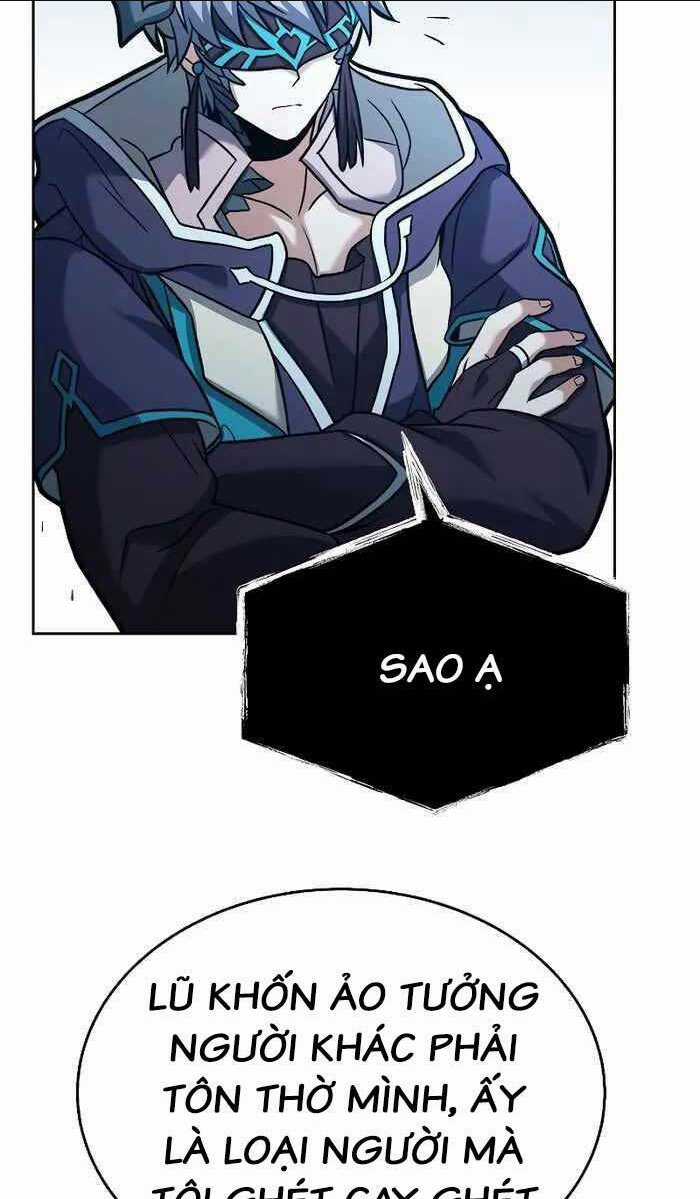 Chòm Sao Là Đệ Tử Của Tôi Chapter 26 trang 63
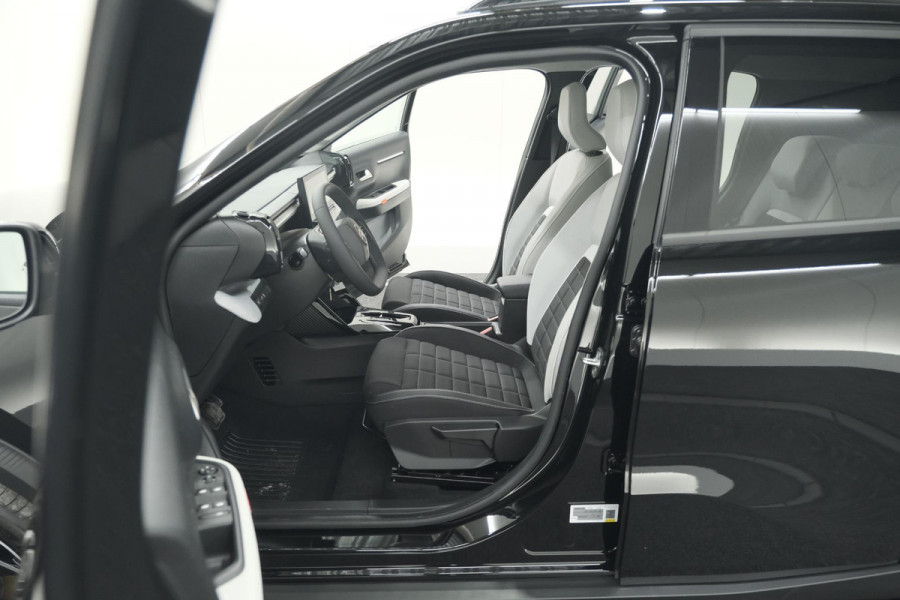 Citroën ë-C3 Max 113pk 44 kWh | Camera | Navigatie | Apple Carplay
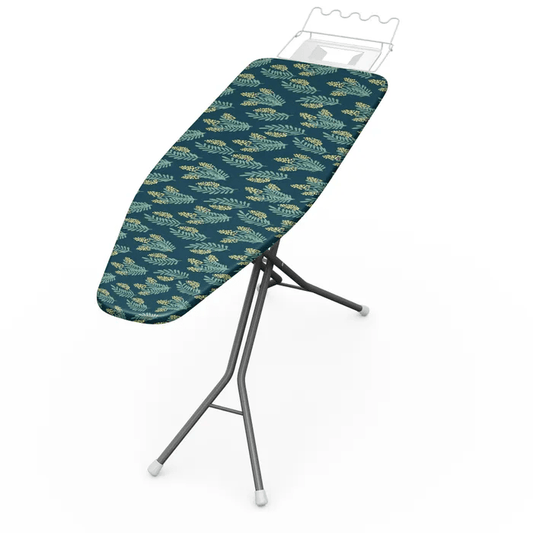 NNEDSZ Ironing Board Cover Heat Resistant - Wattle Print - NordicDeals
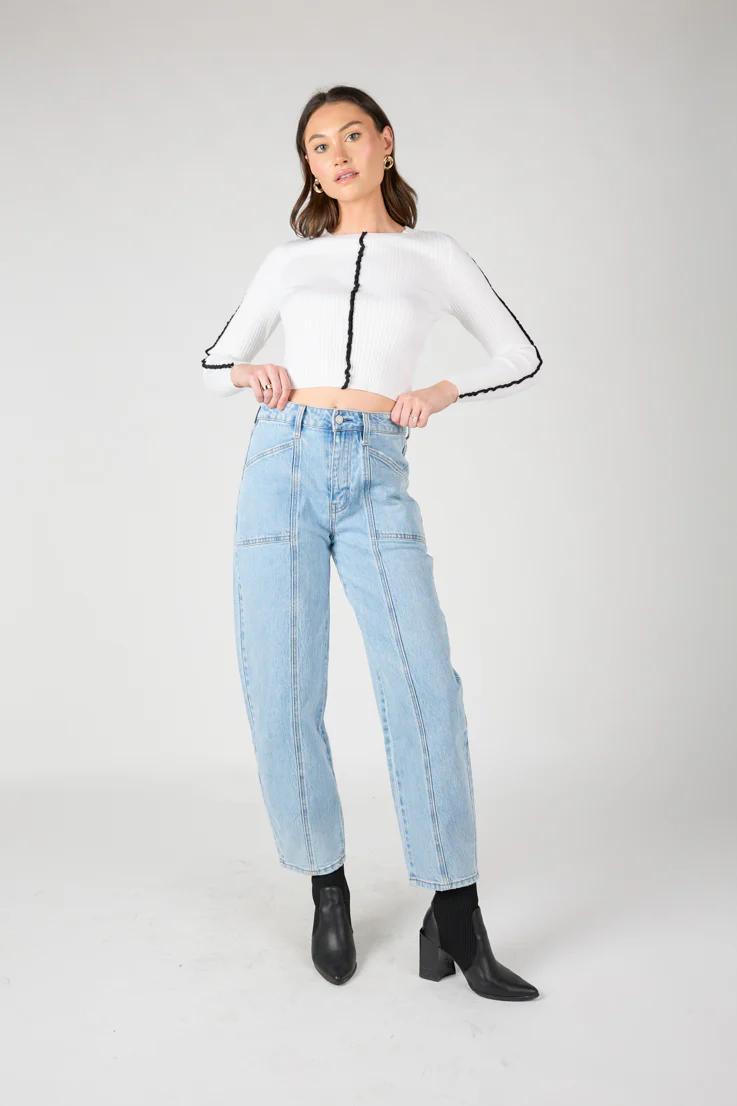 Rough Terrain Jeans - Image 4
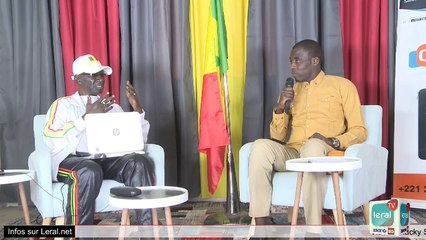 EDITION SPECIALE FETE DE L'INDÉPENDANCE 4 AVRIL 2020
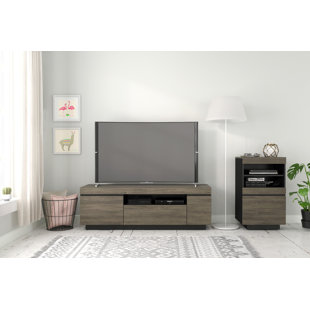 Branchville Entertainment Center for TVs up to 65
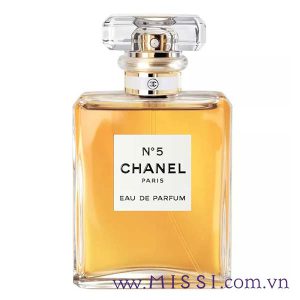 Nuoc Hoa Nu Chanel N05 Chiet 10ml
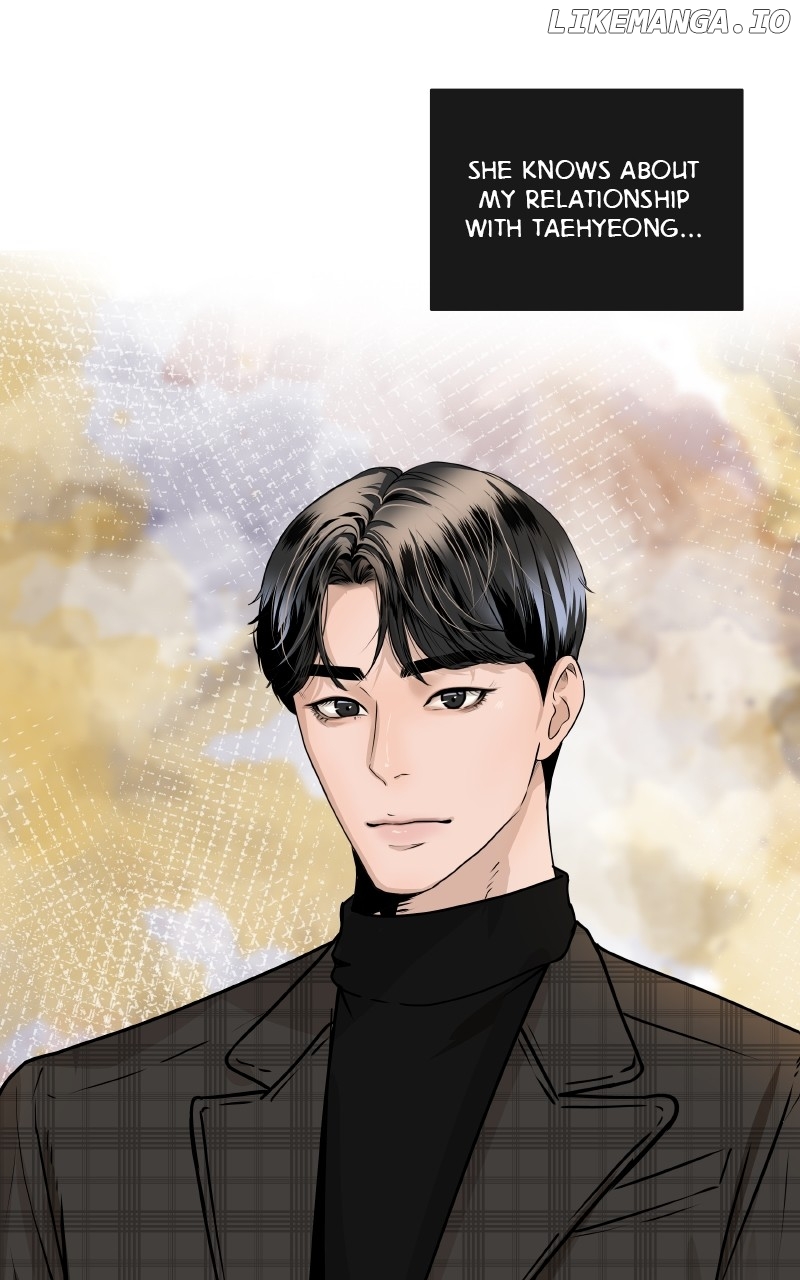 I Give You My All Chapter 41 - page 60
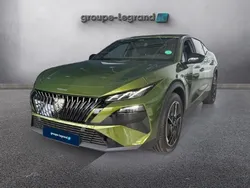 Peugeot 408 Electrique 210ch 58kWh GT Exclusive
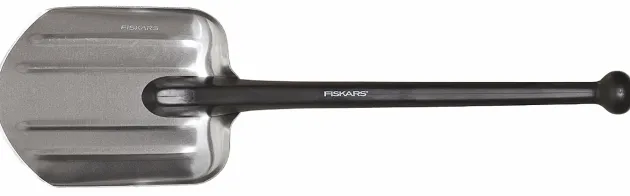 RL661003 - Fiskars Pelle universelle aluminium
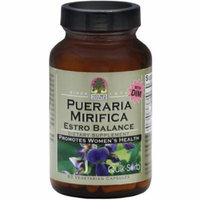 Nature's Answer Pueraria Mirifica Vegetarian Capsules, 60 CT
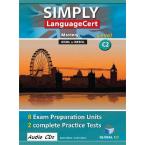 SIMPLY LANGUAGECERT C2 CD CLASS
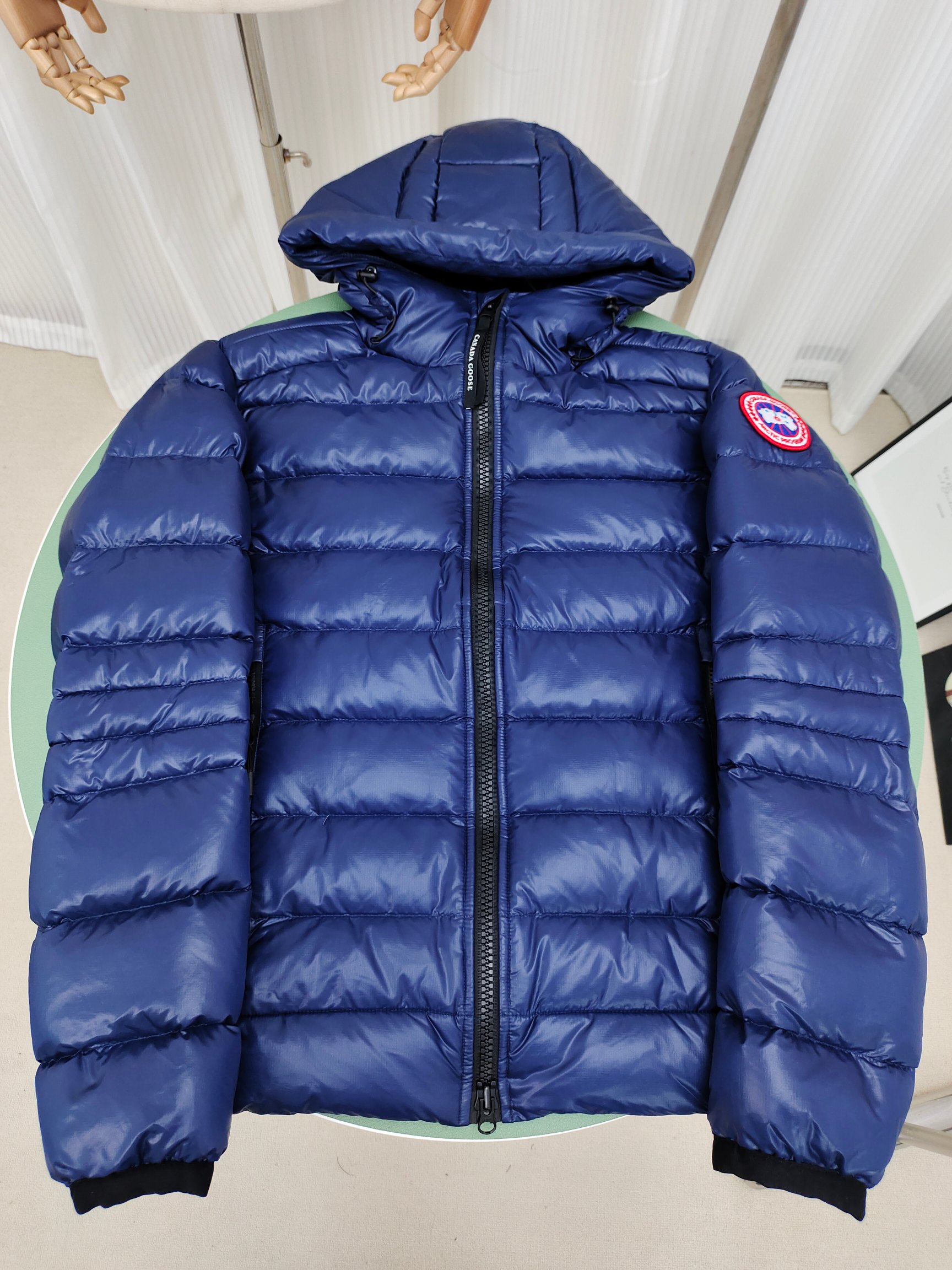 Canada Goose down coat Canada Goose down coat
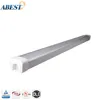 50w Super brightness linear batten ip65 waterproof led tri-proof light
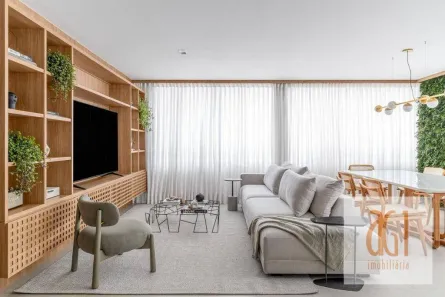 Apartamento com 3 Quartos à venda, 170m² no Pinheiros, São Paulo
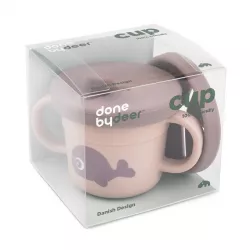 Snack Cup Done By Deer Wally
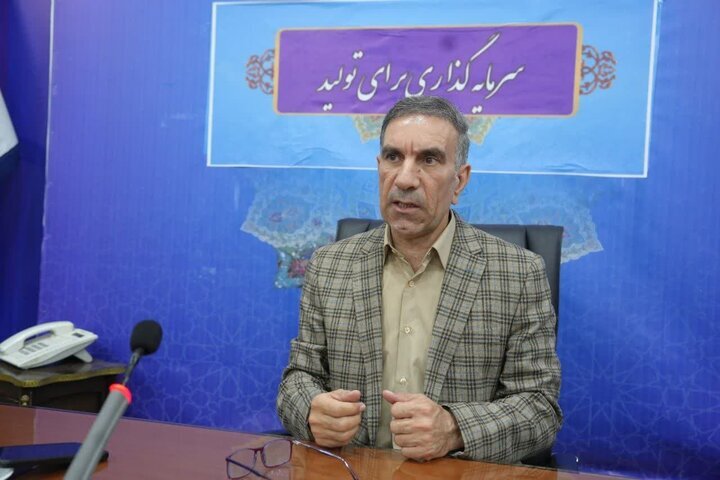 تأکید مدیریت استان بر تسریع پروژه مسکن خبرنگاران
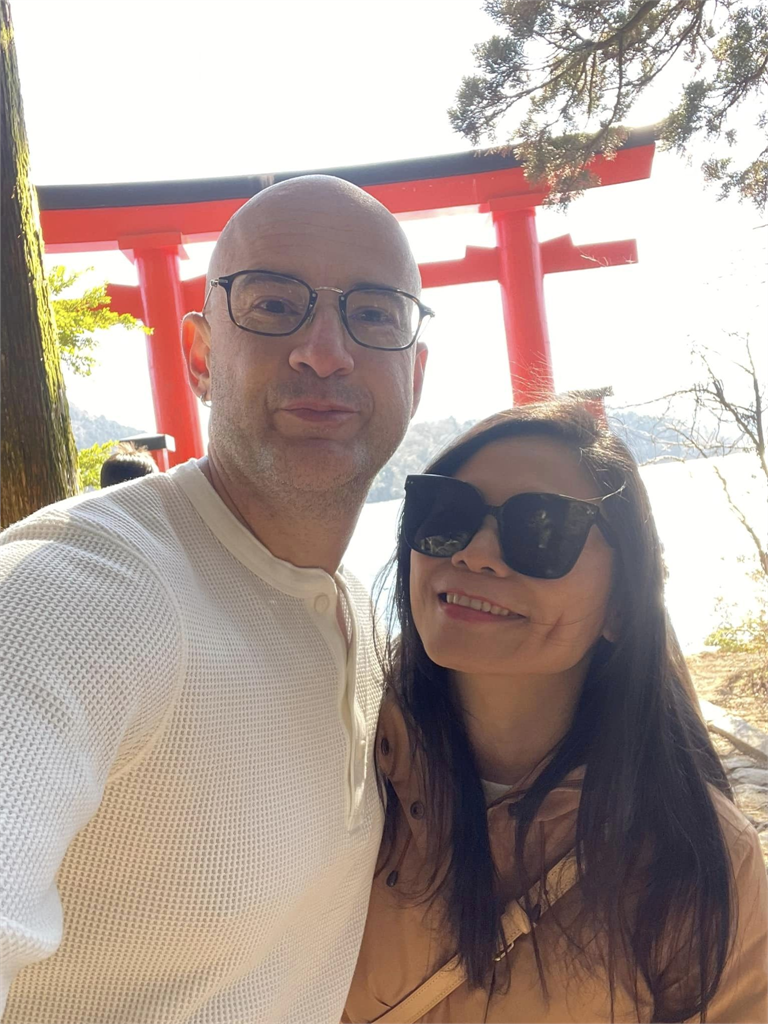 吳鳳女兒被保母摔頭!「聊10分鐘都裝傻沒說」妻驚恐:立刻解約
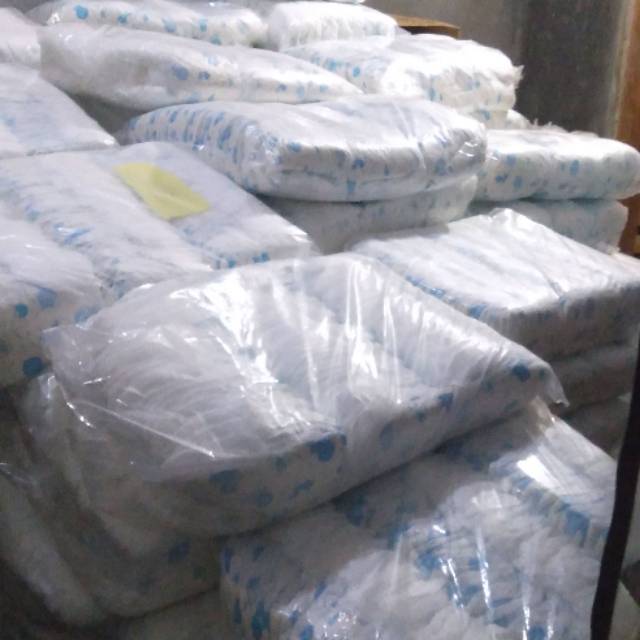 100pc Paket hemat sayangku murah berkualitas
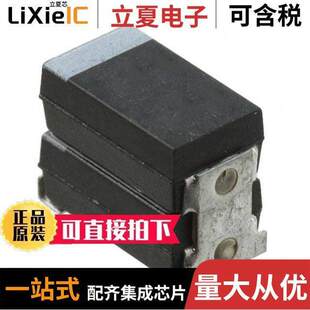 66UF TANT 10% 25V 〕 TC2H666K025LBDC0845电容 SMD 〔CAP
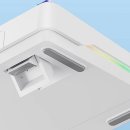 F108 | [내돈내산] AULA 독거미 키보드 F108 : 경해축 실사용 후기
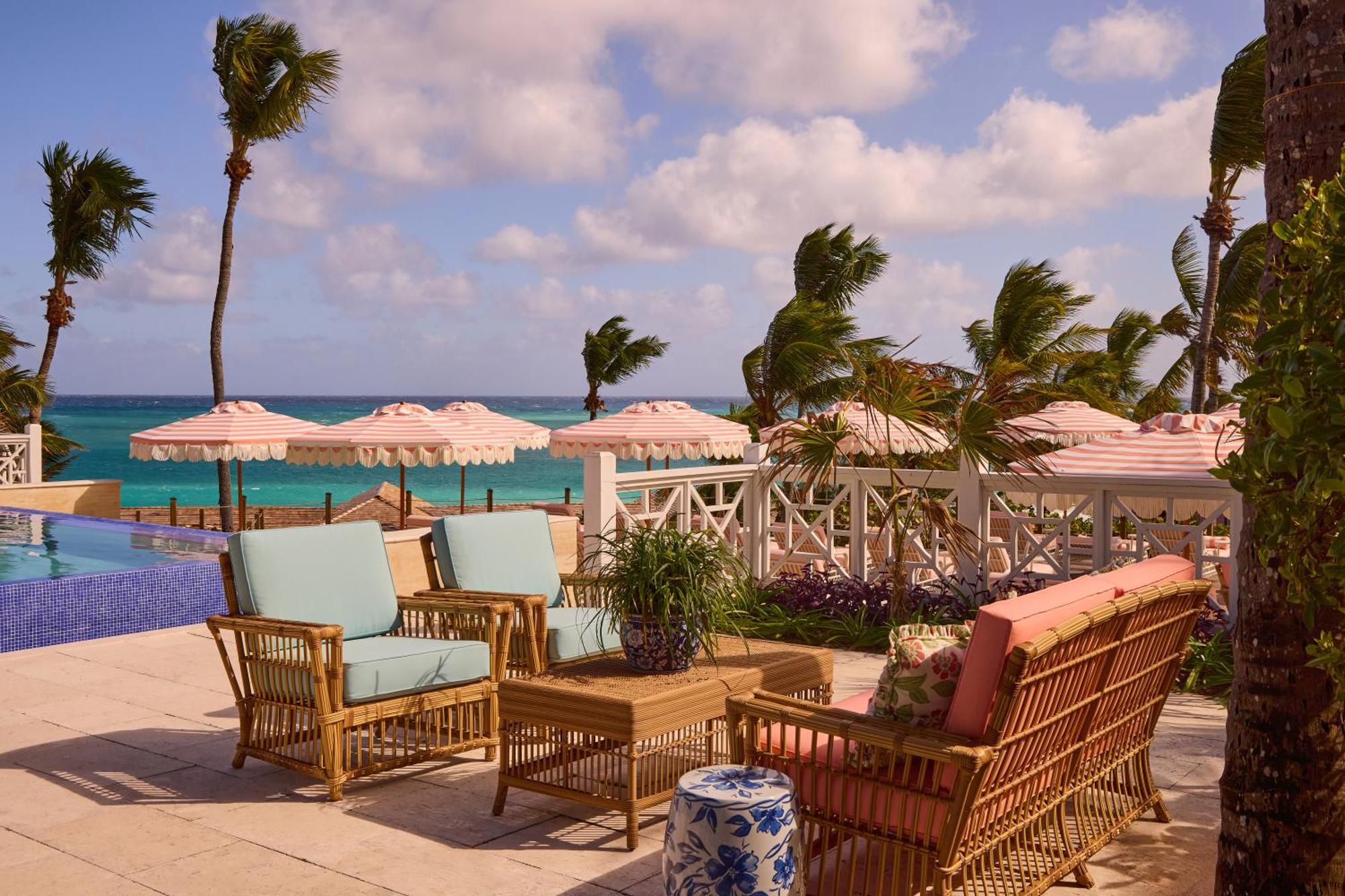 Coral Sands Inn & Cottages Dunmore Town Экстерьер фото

*****

## [EXERCISE AIM]
Print exactly, and only, the lines from the one with "50w Super brightness" through the last line of the listing above. No pictures belong in the copy.

## [YOUR SOLUTION]
 50w Super brightness linear batten ip65 waterproof led tri-proof light
 Apartamento com 3 Quartos à venda, 170m² no Pinheiros, São Paulo
 Snack Cup Done By Deer Wally
 تأکید مدیریت استان بر تسریع پروژه مسکن خبرنگاران
 吳鳳女兒被保母摔頭!「聊10分鐘都裝傻沒說」妻驚恐:立刻解約
 100pc Paket hemat sayangku murah berkualitas
 66UF TANT 10% 25V 〕 TC2H666K025LBDC0845电容 SMD 〔CAP
 F108 | [내돈내산] AULA 독거미 키보드 F108 : 경해축 실사용 후기
 Coral Sands Inn & Cottages Dunmore Town Экстерьер фото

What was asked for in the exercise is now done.